The Amargosa River runs through this desert. The 185 mile long river drains the high desert into the Mojave Desert and on into Death Valley where it disappears underground into an aquifer. Most of the river runs underground, except when a flash flood occurs.
Amargosa Desert is home to the Ash Meadows habitat, which is part of the much larger 1.5 million acre Desert National Wildlife Refuge Complex.
Ash Meadows National Wildlife Refuge was created in June of 1984. It protects an extremely rare desert oasis in Nye County, southwestern Nevada.
Crystal Spring ~
Crystal Spring in the Amargosa Desert, an extremely rare desert oasis in the Southwestern United States. Creative Commons – Stan Shebs
Devils Hole in the Amargosa Desert ~
This 23,000 acre refuge also contains the Amargosa Pupfish Station. The pupfish is on the IUCN Red List of endangered species. Devils Hole is the original pupfish habitat and is located in the refuge it is one of the most restricted habitats in the world.
Devils Hole is located in the Amargosa Desert, but is maintained by the National Park Service as part of the Death Valley National Park. The opening to Devils Hole is only 6 by 18 feet, but leads into deep caverns, at least 300 feet beneath the ground. Geologists believe the limestone caves are over 500,000 years old. The saline waters of the geothermal pool stay at a temperature of around 92 degrees F.
Black Rock Desert ~
The Black Rock Desert is 300,000 acres of land consisting of silt playa and over 120 miles of historic emigrant trails that led early settlers to California.
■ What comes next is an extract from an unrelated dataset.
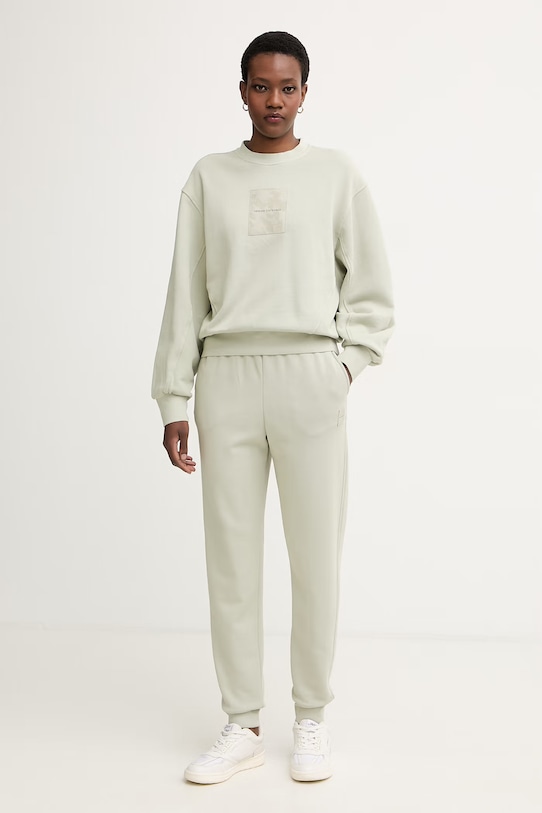 Armani Exchange bluza damska bawełniana XW001734.AF18990 zielony SS26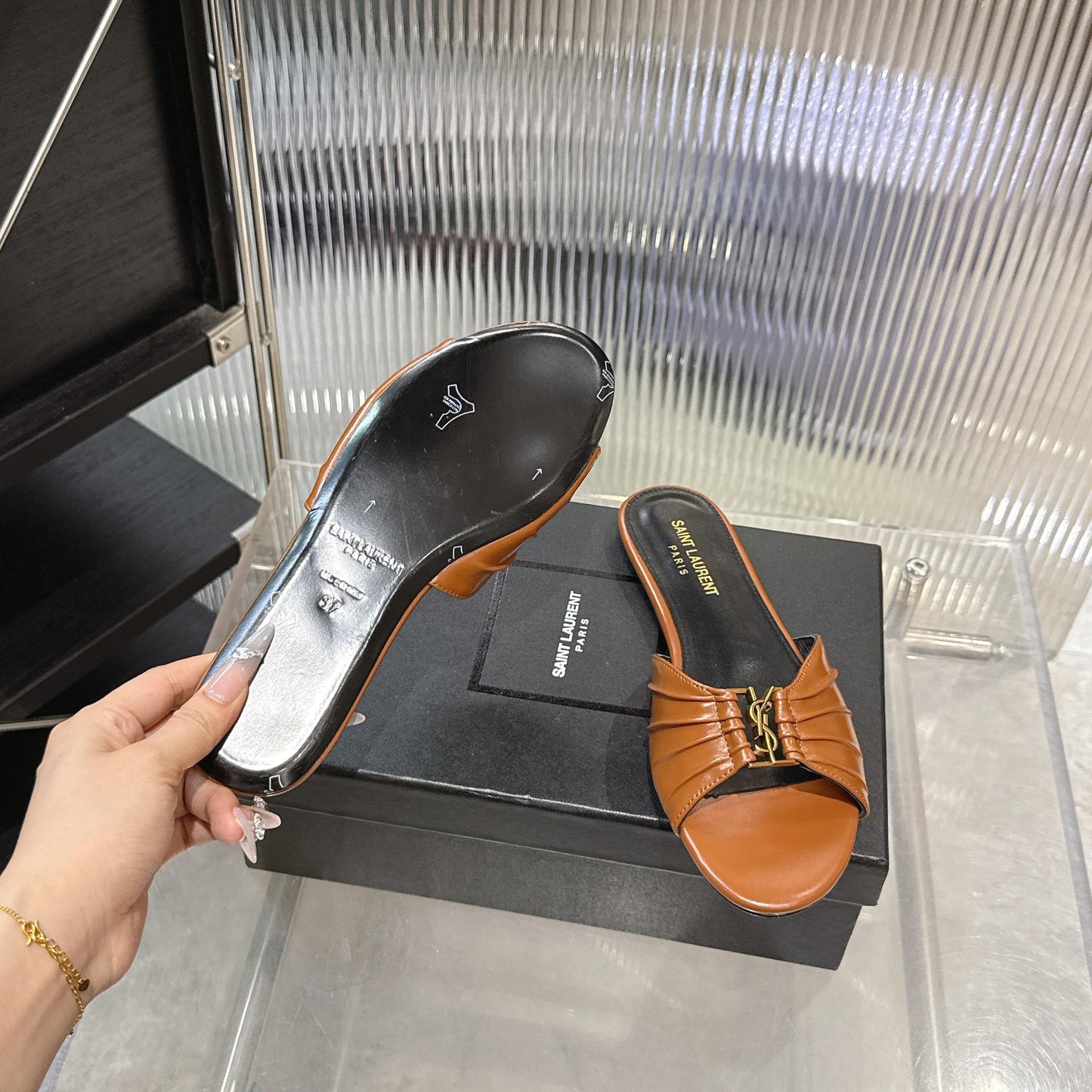 Logo Gold Hardware Flat Slide Mule — Pleated Strap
It lies 100 miles north of Reno in the northern Nevada area of the Great Basin.
This desert area is a dry remnant of the ancient Lake Lahontan of the Pleistocene era (2,588,000 to 11,700 years ago). There is evidence that humans have lived in the area since about 11,000 BC. The northern Paiute people settled Black Rock Desert in 1300 BC.
The cone-shaped black rock outcrop is called Black Rock Point and can be seen in the photo below. It was a landmark for the Paiute and much later by emigrants traveling across the desert. At the base of the outcrop is a grass filled meadow containing a large hot spring.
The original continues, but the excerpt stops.